In Soviet phraseology, a podkulachnik (подкулачник; also translated as "sub-kulak" or "kulak henchman"), feminine: podkulachnitsa, was a person who allegedly sided with kulaks in their opposition to the collectivization in the Soviet Union.

==History==
Podkulachnik is considered by many to be a Stalinist neologism from the late 1920s, however the term was already in use before World War I. After the Russian Revolution, the kulaks - relatively affluent and well-endowed peasants - were persecuted by the Soviet Government as class enemies.

Even poor peasants could have been labeled, i.e., the term was not of economic differentiation, but of a political one. Solzhenitsyn wrote that the term was applied arbitrarily:
In every village, there were people who in one way or another had gotten in the way of local activists. [Following the revolution, it] was the perfect time to settle accounts with them of jealousy, envy, insult. A new word was needed for these new victims as a class- and it was born. By this time it had no 'social' or 'economic' context whatsoever, but it had a marvelous sound: Podkulachnik - 'a person aiding the kulaks.' In other words, I consider you an accomplice of the enemy. And that finishes you. The most tattered laborer in the countryside could quite easily be labeled a podkulachnik.

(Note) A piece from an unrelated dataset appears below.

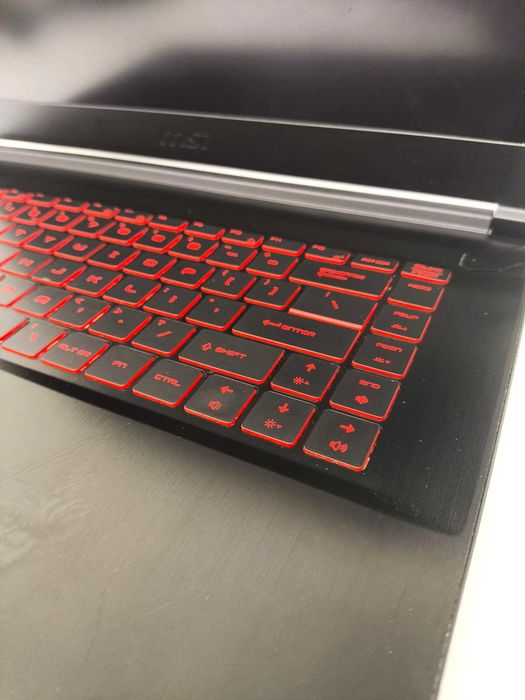Laptop GAMINGOWY MSI 15,6" 144Hz Core i5 16GB 512GB SSD RTX 3050 4GB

Valery Vozgrin in his book The History of Crimean Tatars («История крымских татар») wrote basically the same: unlike the term "kulak", the term "podkulachnik" did not have any definite meaning. For example in 1931 the Presidium of Crimean Central Executive Committee could assign a poor peasant into the category of podkulachniks, is he was "a bearer of kulakist-opportunist sentiments". In another case, the whole population of the village of Mangush (now Prokhladnoye) was declared podkulachniks, because the village meeting issued a resolution that that in the village "there are no kulaks nor sedednyaks [moderately well-off peasants]" — all are equal". Vozgrin gives more examples of this kind.

==In other countries==
In Hungary under Mátyás Rákosi, a podkulachnik was called Kulákbérenc, meaning "kulak hireling".